__Aim of the task__. Copy out the full data exactly as given; pictures should not be included.

__Data in this exercise__.
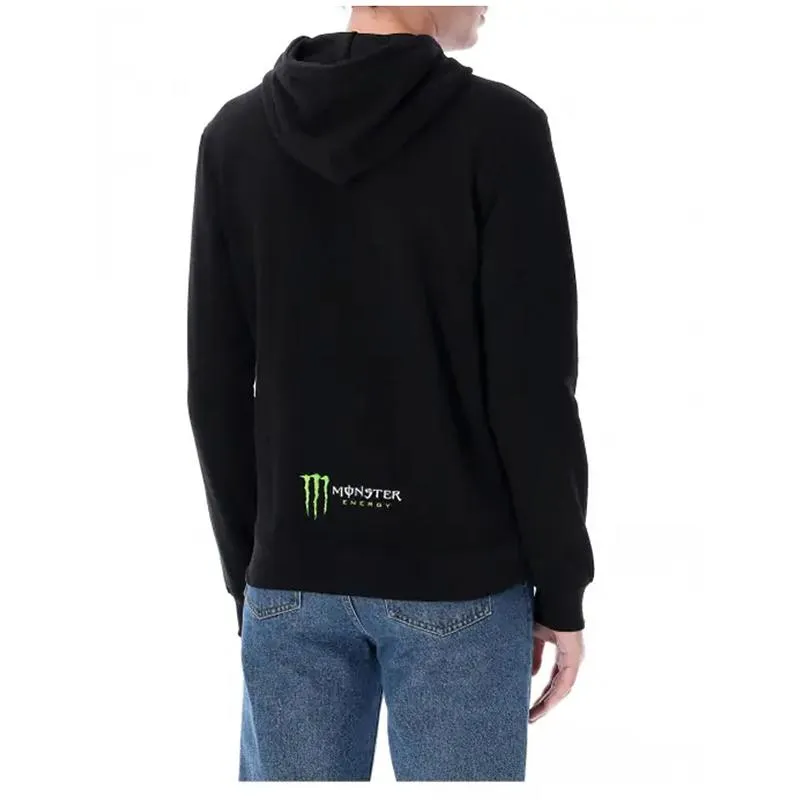 Veste ZIPPED HD MONSTER 20 QUARTARARO noir/bleu/vert/rouge - MAXXESS.FR, Sweat et Vestes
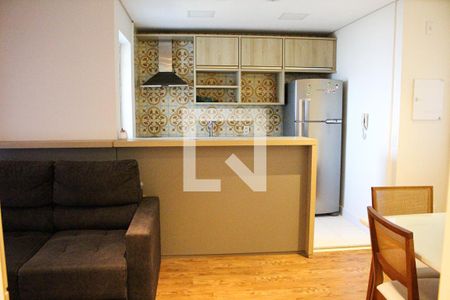 Sala de apartamento para alugar com 2 quartos, 53m² em Jardim Íris, São Paulo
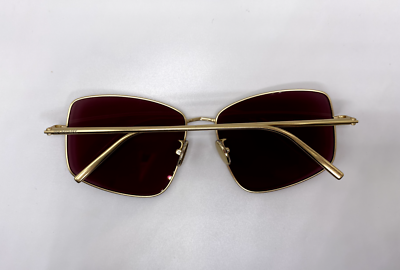 Gold Sportsmax Sunglasses new SM0008 Sport Max SM0008 Geometric Sunglasses | eBay main image 3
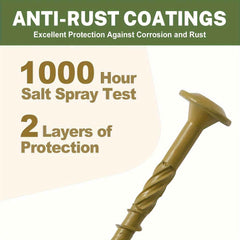 100pcs Heavy Duty Construction Screws - Power Tools Gadget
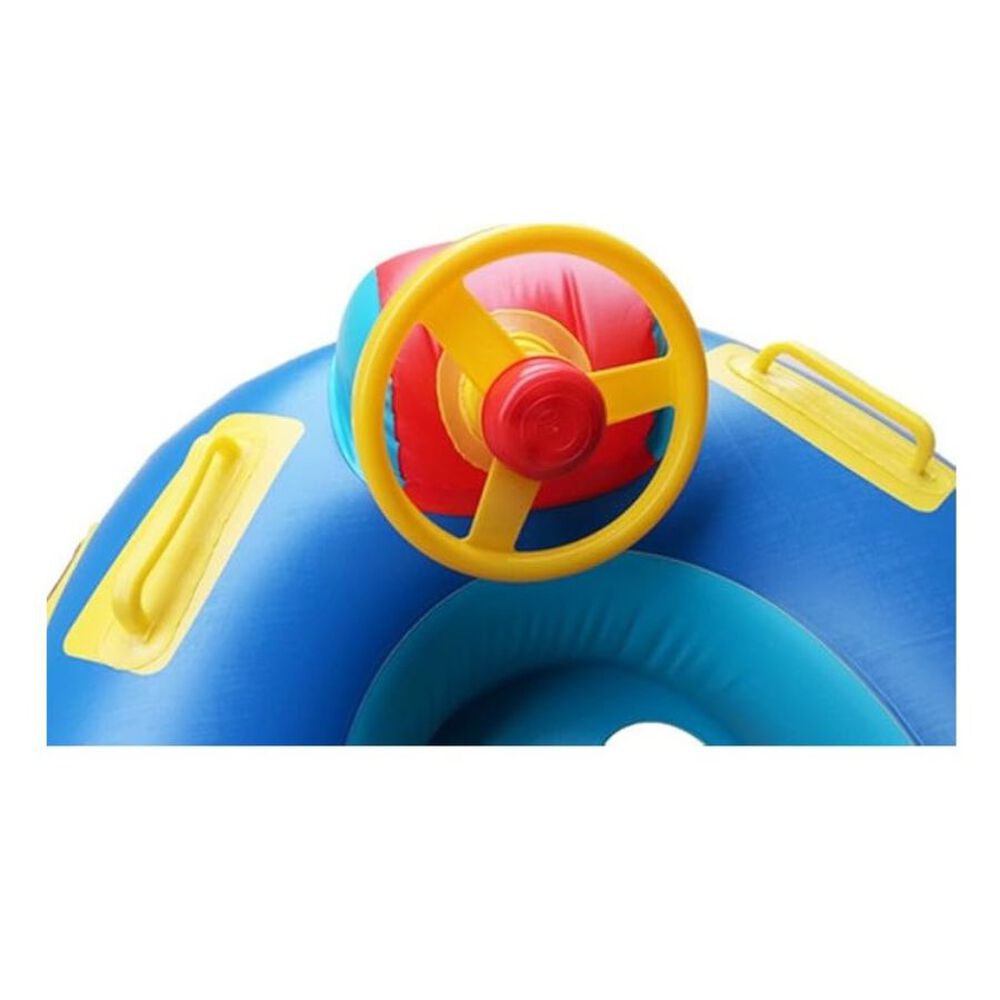 Flotador Inflable Piscina Para Niños Silla Con Manija image number 1.0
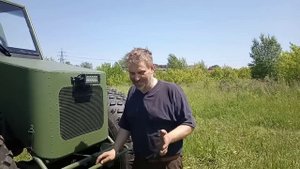 Обзор вездехода Соломономобиль-94 с кунгом. Часть2.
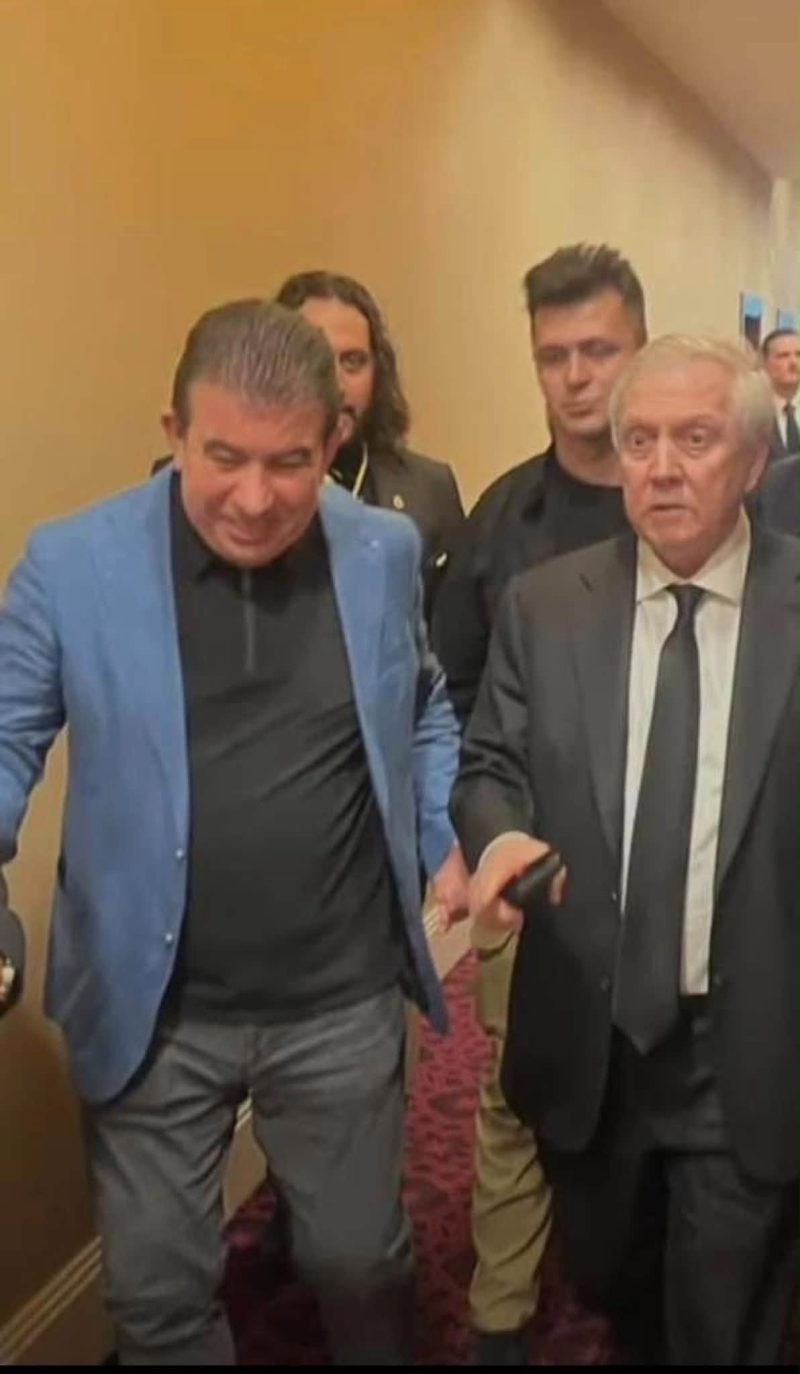 AZİZ YILDIRIM YARIN KOCAELİ’DE FENERBAHÇELİLERLE BULUŞUYOR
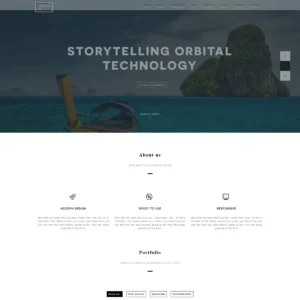 Shakenup - Onepage Business Joomla Template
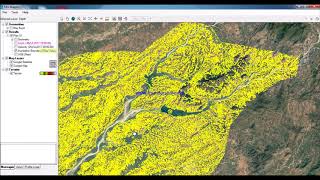 Rainfall Simulation using HEC RAS [upl. by Saw]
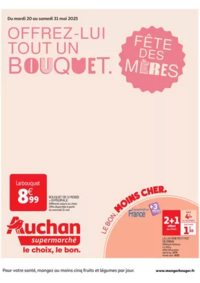Prospectus Auchan Supermarché Beaumont 2 : Découvrez notre sélection de super promos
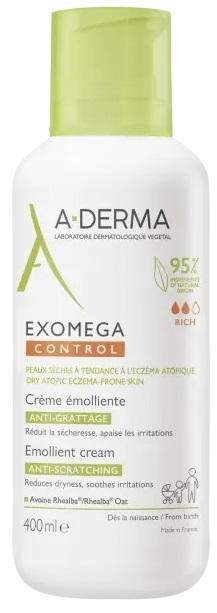 EXOMEGA CONTROL CREMA EMOLLIENTE 400 ML - doctorpill.it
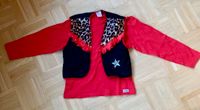 Fasching Kinder Cowboy Weste mit roten langarm Shirt Wandsbek - Hamburg Jenfeld Vorschau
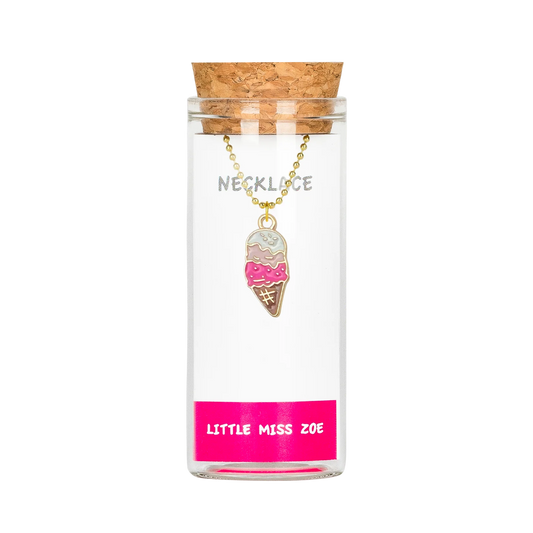 Ice Cream Necklace in a Bottle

__Exercise answer__.
 Veste ZIPPED HD MONSTER 20 QUARTARARO noir/bleu/vert/rouge - MAXXESS.FR, Sweat et Vestes
 Sala de apartamento para alugar com 2 quartos, 53m² em Jardim Íris, São Paulo
 Gold Sportsmax Sunglasses new SM0008 Sport Max SM0008 Geometric Sunglasses | eBay main image 3
 100pcs Heavy Duty Construction Screws - Power Tools Gadget
 Flotador Inflable Piscina Para Niños Silla Con Manija image number 1.0
 Обзор вездехода Соломономобиль-94 с кунгом. Часть2.
 AZİZ YILDIRIM YARIN KOCAELİ’DE FENERBAHÇELİLERLE BULUŞUYOR
 Shakenup - Onepage Business Joomla Template
 Rainfall Simulation using HEC RAS [upl. by Saw]
Prospectus Auchan Supermarché Beaumont 2 : Découvrez notre sélection de super promos
 EXOMEGA CONTROL CREMA EMOLLIENTE 400 ML - doctorpill.it
 Fasching Kinder Cowboy Weste mit roten langarm Shirt Wandsbek - Hamburg Jenfeld Vorschau
 Ice Cream Necklace in a Bottle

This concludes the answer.